The First Peace

the first peace

THE FIRST PEACE, and the most important, is that which comes within the souls of people when they realize their relationship, their oneness, with the universe and all its powers. And that in the center of the universe dwells the Great Spirit, and that this center is really everywhere, it is within each of us.

These few dozen words, from the great Lakota teacher Black Elk, which I committed to memory years ago, are among the most clear and beautiful descriptions of spirituality I have ever found. Along with his explication of the sacred pipe in Black Elk Speaks, they paint a realistic yet poetic picture of a world of inter-relationships and inter-being. Of meaning and of mystery. For, as Black Elk says, “It is the story of all life that is holy and is good to tell, and of us two-leggeds sharing in it with the four-leggeds and the wings of the air and all green things, for these are children of one mother, and their father is one spirit.”

There is no catechism in these words, no dogma, no rules and no exclusion. There is simply acknowledgment of an observable reality, should one take the trouble to look beyond culture and beyond ego. And if the words ‘spirit’ or ‘spiritual’ should give pause, note that in many translations and teachings, this term is perhaps better and more accurately transcribed as mystery. As in the Great Mystery.

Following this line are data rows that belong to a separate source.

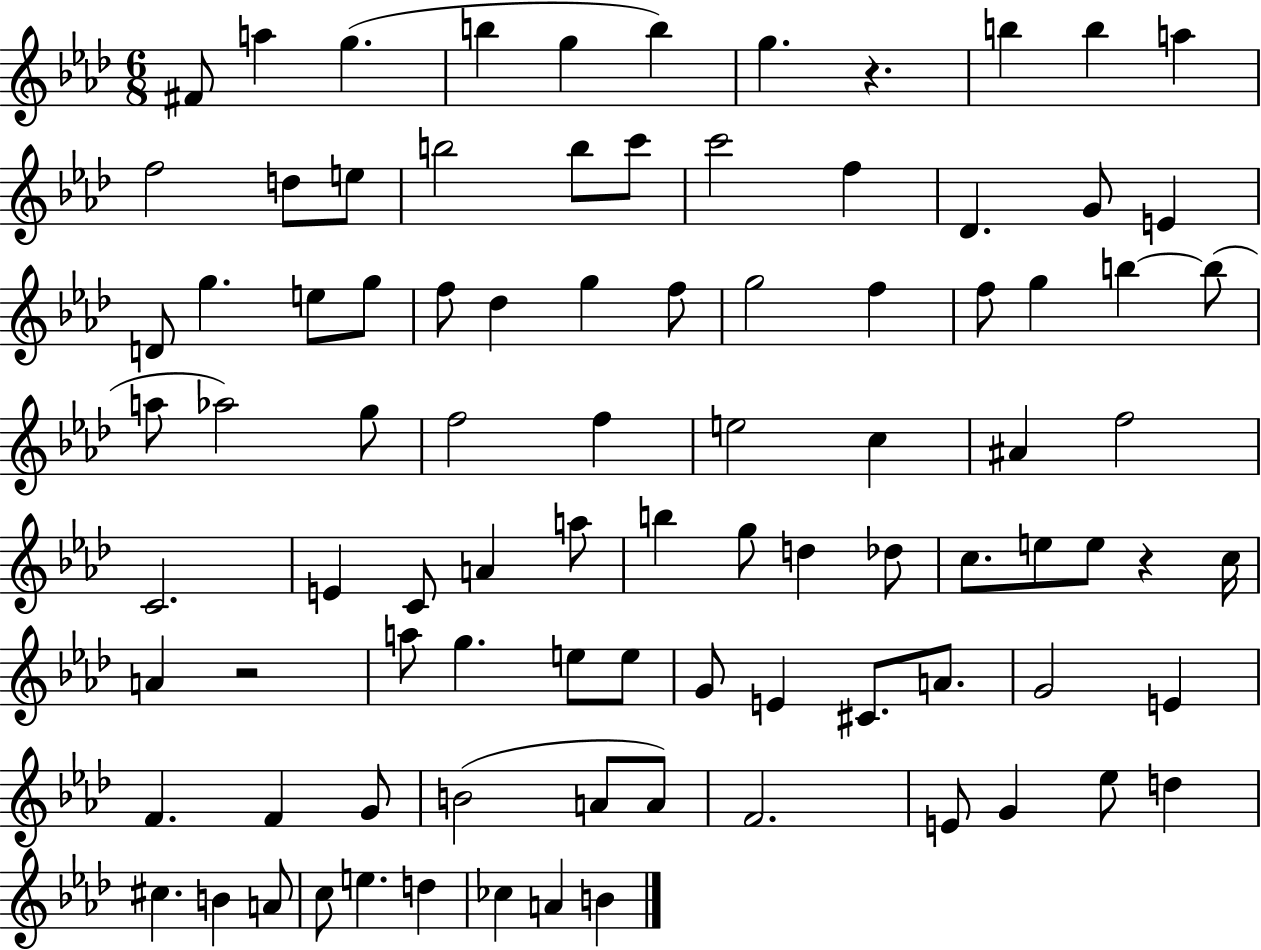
{
  \clef treble
  \numericTimeSignature
  \time 6/8
  \key aes \major
  \repeat volta 2 { fis'8 a''4 g''4.( | b''4 g''4 b''4) | g''4. r4. | b''4 b''4 a''4 | \break f''2 d''8 e''8 | b''2 b''8 c'''8 | c'''2 f''4 | des'4. g'8 e'4 | \break d'8 g''4. e''8 g''8 | f''8 des''4 g''4 f''8 | g''2 f''4 | f''8 g''4 b''4~~ b''8( | \break a''8 aes''2) g''8 | f''2 f''4 | e''2 c''4 | ais'4 f''2 | \break c'2. | e'4 c'8 a'4 a''8 | b''4 g''8 d''4 des''8 | c''8. e''8 e''8 r4 c''16 | \break a'4 r2 | a''8 g''4. e''8 e''8 | g'8 e'4 cis'8. a'8. | g'2 e'4 | \break f'4. f'4 g'8 | b'2( a'8 a'8) | f'2. | e'8 g'4 ees''8 d''4 | \break cis''4. b'4 a'8 | c''8 e''4. d''4 | ces''4 a'4 b'4 | } \bar "|."
}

Within that word, and the acknowledgement of oneness and inter-being, lies a great humility, a great truth, and a great insight. That our existence is framed, undergirded and over-arched by mystery—despite all our reductionist, determinative efforts to explain all, understand all, know all, and even own all. We stand on a slim shoreline of knowledge washed by a great sea of mystery. And our planet, abused and exploited as if it were here only for us, floats upon that sea.

There are many maps and pathways out of our ecological and social crisis. Wisdom from many ages, many traditions and many cultures. Taoism, Buddhism, Indigenous, Christian, Jewish, Pagan, Muslim, Pantheist, Atheist, Agnostic, and purely Scientific. But all have one thing in common. Every path requires honesty and humility. What Black Elk would have called walking the good, Red Road. They require that we see ourselves as part of a greater whole. And knowing that it is the story of that whole—of all life—“that is holy and is good to tell.”
Let us hope that someday we can walk a good path and tell a good story.